> [Problem description]: Would you output the entries below only from the line containing "2008 Toyota Camry" through the line containing "Rab flat panel 2025", exactly as they stand and with both ends included?
──────── Data provided ────────
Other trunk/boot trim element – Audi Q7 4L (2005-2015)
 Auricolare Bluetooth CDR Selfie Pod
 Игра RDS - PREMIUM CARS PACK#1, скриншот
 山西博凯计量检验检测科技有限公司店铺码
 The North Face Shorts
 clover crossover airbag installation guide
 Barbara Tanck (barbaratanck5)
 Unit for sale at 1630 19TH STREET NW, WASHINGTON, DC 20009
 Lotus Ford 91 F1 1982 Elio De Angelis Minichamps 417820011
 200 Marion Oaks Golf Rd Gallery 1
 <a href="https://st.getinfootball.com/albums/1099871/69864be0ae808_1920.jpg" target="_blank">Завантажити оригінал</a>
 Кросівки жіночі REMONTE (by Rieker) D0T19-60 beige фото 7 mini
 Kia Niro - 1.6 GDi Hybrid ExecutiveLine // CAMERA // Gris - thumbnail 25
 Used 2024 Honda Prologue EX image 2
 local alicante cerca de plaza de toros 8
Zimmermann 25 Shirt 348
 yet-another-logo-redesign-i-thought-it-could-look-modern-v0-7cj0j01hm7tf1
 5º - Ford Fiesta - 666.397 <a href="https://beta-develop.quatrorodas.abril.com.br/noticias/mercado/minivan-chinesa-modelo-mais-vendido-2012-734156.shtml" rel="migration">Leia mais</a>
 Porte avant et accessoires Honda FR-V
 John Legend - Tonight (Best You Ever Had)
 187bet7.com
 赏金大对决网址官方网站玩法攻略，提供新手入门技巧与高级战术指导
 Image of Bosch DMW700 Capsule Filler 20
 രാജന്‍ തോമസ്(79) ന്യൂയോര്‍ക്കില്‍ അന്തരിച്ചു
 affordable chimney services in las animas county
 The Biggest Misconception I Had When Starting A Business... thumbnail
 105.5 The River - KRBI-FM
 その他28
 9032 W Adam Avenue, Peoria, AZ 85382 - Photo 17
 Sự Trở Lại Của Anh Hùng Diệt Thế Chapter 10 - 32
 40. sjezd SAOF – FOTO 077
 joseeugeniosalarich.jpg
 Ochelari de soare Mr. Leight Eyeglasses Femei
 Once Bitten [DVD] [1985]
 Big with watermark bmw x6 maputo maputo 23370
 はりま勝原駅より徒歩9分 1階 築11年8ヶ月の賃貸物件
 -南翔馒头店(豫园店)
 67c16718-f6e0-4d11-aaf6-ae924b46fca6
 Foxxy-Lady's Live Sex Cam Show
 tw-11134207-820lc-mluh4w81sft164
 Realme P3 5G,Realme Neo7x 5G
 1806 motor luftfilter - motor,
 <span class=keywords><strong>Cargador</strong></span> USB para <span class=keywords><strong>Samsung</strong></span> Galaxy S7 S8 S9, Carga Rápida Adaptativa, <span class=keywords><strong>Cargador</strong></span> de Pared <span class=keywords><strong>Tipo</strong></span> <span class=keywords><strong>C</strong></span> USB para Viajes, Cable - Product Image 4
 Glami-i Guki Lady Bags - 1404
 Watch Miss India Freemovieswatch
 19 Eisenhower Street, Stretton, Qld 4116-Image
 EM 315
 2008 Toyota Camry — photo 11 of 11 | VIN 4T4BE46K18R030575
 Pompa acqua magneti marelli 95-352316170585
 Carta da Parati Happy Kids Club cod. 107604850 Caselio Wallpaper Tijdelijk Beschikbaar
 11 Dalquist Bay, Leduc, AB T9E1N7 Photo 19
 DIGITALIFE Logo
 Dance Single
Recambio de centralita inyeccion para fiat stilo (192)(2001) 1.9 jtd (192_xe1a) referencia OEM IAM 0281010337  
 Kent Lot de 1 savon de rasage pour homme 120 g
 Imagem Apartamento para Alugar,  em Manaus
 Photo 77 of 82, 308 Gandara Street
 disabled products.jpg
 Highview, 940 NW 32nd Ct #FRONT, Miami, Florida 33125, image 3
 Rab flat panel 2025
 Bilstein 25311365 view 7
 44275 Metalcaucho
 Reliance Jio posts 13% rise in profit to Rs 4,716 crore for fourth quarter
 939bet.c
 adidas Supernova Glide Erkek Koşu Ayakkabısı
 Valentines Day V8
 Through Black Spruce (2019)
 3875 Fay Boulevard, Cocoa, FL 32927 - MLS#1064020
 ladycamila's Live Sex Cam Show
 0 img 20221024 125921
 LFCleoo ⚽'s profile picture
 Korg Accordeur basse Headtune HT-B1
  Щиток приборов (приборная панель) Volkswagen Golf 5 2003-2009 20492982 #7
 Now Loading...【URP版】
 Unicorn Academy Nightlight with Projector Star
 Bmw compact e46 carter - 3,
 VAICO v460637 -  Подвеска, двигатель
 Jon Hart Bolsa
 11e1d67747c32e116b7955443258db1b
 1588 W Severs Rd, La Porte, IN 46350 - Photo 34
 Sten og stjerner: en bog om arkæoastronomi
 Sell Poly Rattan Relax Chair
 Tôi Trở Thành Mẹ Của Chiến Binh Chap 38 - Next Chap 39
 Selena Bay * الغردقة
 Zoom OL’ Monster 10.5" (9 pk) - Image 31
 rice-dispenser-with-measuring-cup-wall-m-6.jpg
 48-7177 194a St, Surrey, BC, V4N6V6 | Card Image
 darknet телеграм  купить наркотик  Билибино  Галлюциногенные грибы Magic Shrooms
────────
> [Expected output]:
 2008 Toyota Camry — photo 11 of 11 | VIN 4T4BE46K18R030575
 Pompa acqua magneti marelli 95-352316170585
 Carta da Parati Happy Kids Club cod. 107604850 Caselio Wallpaper Tijdelijk Beschikbaar
 11 Dalquist Bay, Leduc, AB T9E1N7 Photo 19
 DIGITALIFE Logo
 Dance Single
Recambio de centralita inyeccion para fiat stilo (192)(2001) 1.9 jtd (192_xe1a) referencia OEM IAM 0281010337  
 Kent Lot de 1 savon de rasage pour homme 120 g
 Imagem Apartamento para Alugar,  em Manaus
 Photo 77 of 82, 308 Gandara Street
 disabled products.jpg
 Highview, 940 NW 32nd Ct #FRONT, Miami, Florida 33125, image 3
 Rab flat panel 2025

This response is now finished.